360-degree feedback campaigns provide a structured way to collect comprehensive feedback from multiple sources about team members, enabling thorough performance evaluations, promotion readiness assessments, and behavioral feedback. Used well, they turn scattered opinions into actionable insights for growth and development.

Overview

A 360-degree feedback campaign in mpath is a focused cycle of feedback about a specific person from multiple perspectives:
  • You choose who the feedback is about.
  • You choose who should respond (managers, peers, direct reports, stakeholders).
  • You choose what to ask (via templates and questions).
  • mpath handles distribution, collection, and tracking.

Multi-Source Perspective

Collect feedback from managers, peers, and direct reports to get a comprehensive view of performance and behavior.

Structured Process

Use templates and consistent question sets to ensure fair and comparable evaluations across people and time.

Anonymous Options

Enable anonymous responses to encourage honest, candid feedback without fear of repercussions.

Actionable Insights

Turn feedback into development plans, promotion decisions, and targeted growth opportunities.
Common examples:
  • 360-degree feedback ahead of a promotion decision
  • Role transitions (e.g. new manager, new lead)
  • Broader behavioral and collaboration feedback

Why 360-Degree Feedback Matters

Richer, multi-source perspective
See how someone shows up for their manager, peers, and reports – not just one direction. This provides a more complete picture than single-source feedback.
  • More objective performance decisions
    Calibrations and promotions can be grounded in broad input, not only hallway opinions.
  • Balanced perspective on individual contributions
    Multi-source evaluation from peers, managers, and direct reports provides comprehensive performance and behavior assessment.
  • Reusable, consistent formats
    Templates keep your evaluation criteria consistent across time and people.

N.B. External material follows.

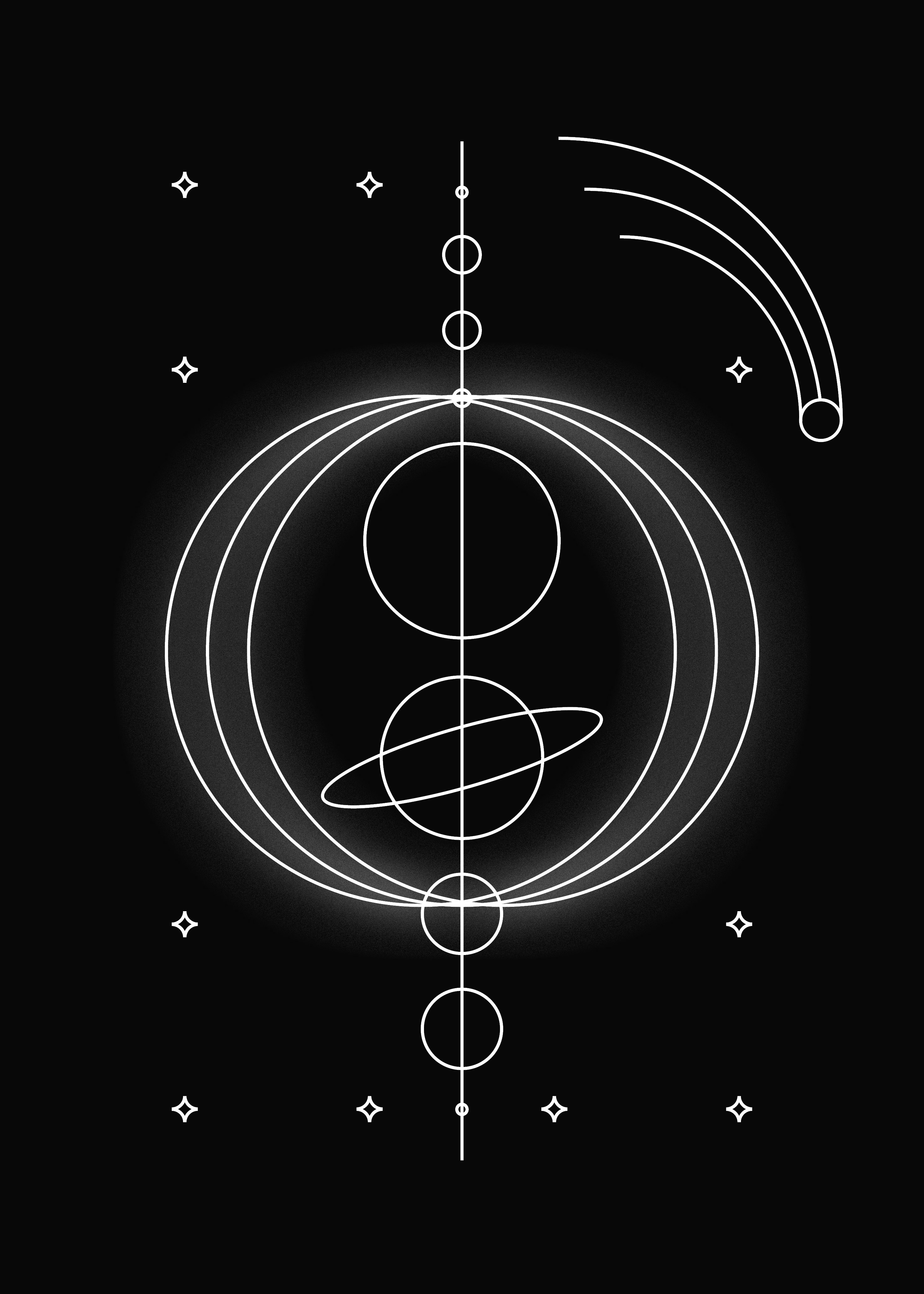 solar system | konrad roche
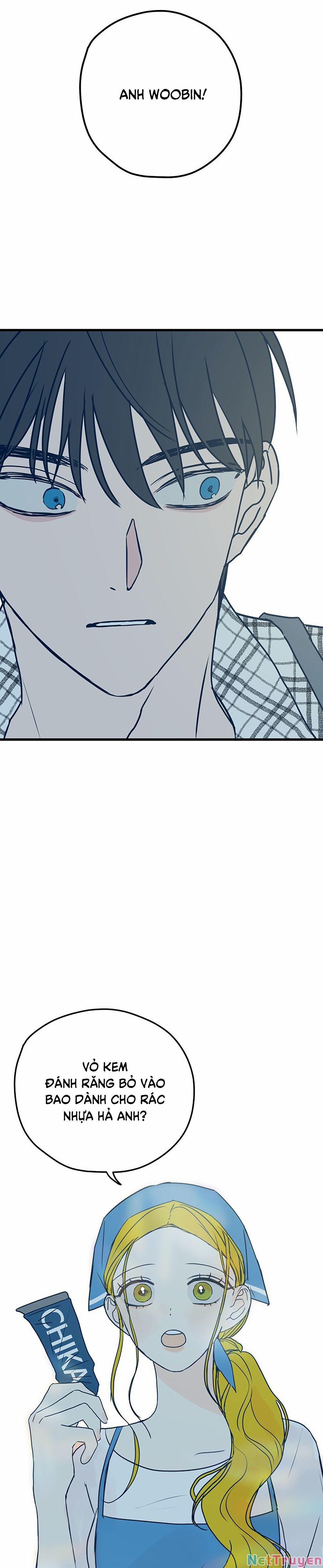 Kẻ Rác Rưởi Không Đáng Được Yêu 6 trang 36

When to Use 360-Degree Feedback

Use for:
  • Assessing readiness for advancement
  • Evaluating leadership capabilities
  • Understanding impact across the organization
You’ll typically invite:
  • Manager(s)
  • Peers and cross-functional partners
  • Direct reports (if applicable)
  • Key stakeholders
Promotion decisions benefit from multi-source feedback because they require understanding how someone performs across different relationships and contexts.
Use for:
  • New manager onboarding
  • Leadership role changes
  • Cross-functional moves
These help assess:
  • How the person is adapting to new responsibilities
  • Areas where support is needed
  • Strengths to leverage in the new role
Use for:
  • Understanding how someone collaborates
  • Assessing communication effectiveness
  • Identifying development opportunities
This type of feedback is especially valuable because collaboration and communication are best observed by those who work directly with the person.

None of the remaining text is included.